*** Data ***

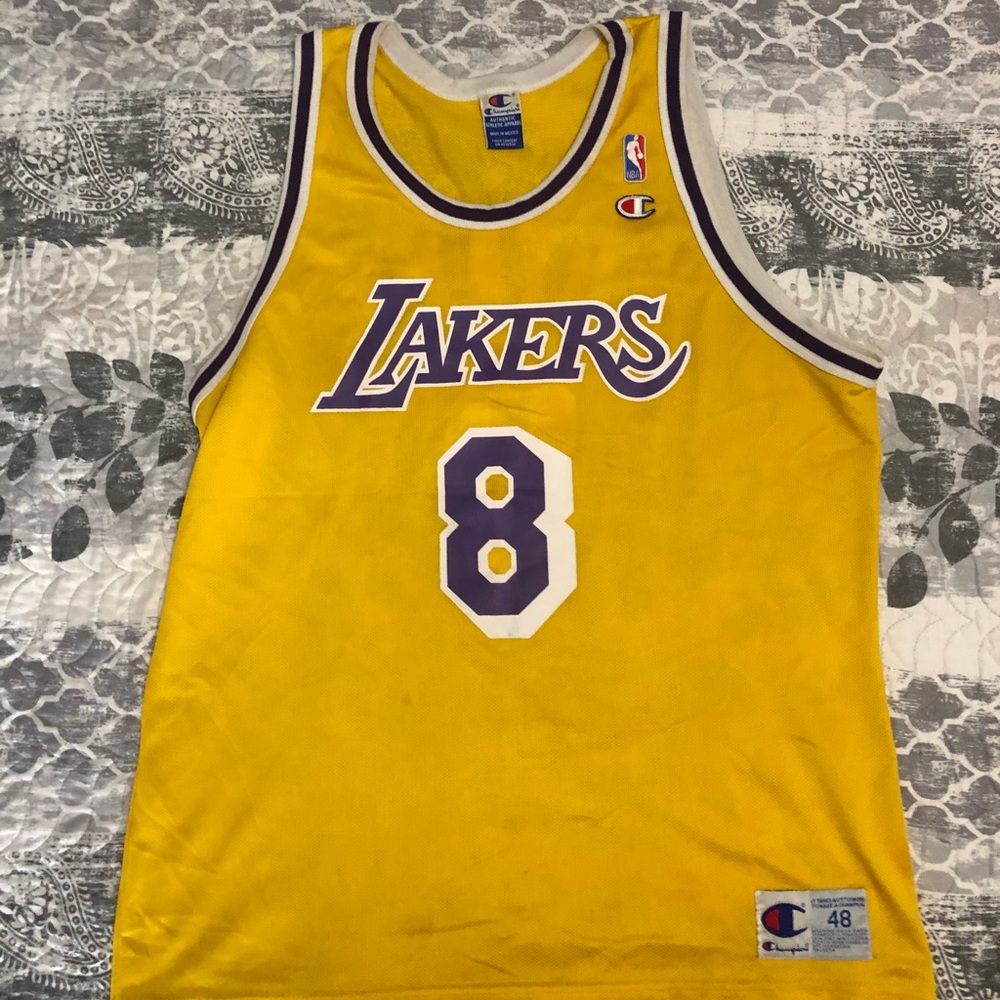 Vintage champion NBA Los Angeles Lakers Kobe Bryant #8  jersey XL 48 - USED - Picture 2 of 5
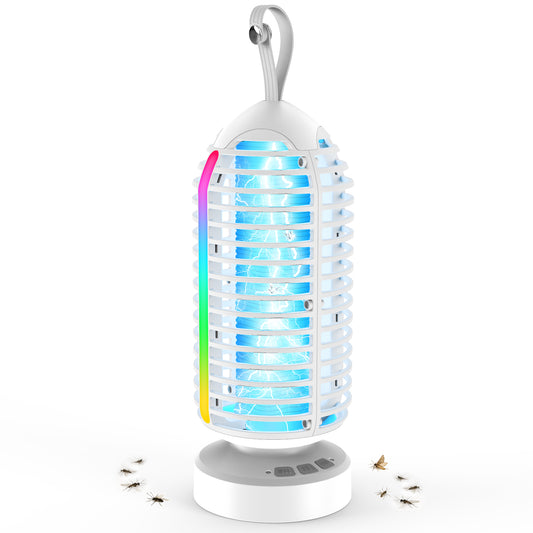 OnBeam Bug Zapper Outdoor, Mosquito Zapper Indoor Electric Fly Zapper Rechargeable Mosquito Killer with Color Changing LED Lights, Auto On/Off, 4000mAh Fly Trap for Home Backyard, Patio, Camping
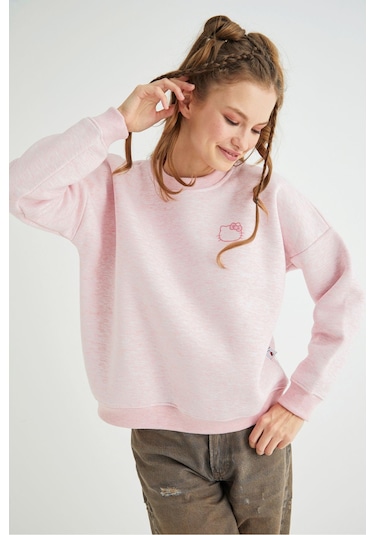 Hello Kitty Lisanslı Baskılı Kalın Pembe Sweatshirt Renkli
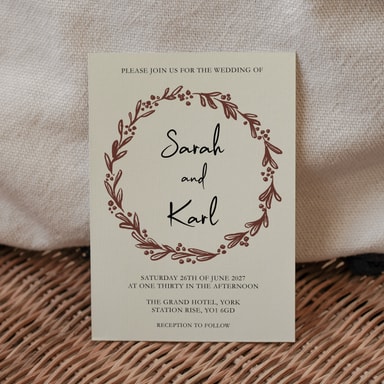 Rustic Hand Drawn Wreath Brown Wedding Invitation on Cream Card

*** End of Data ***

● Problem details
Only the pictures are dropped. Otherwise, write out the listing exactly.

● Reply to the task
 Vintage champion NBA Los Angeles Lakers Kobe Bryant #8  jersey XL 48 - USED - Picture 2 of 5
 OnBeam Bug Zapper Outdoor, Mosquito Zapper Indoor Electric Fly Zapper Rechargeable Mosquito Killer with Color Changing LED Lights, Auto On/Off, 4000mAh Fly Trap for Home Backyard, Patio, Camping
 Hello Kitty Lisanslı Baskılı Kalın Pembe Sweatshirt Renkli
 Rustic Hand Drawn Wreath Brown Wedding Invitation on Cream Card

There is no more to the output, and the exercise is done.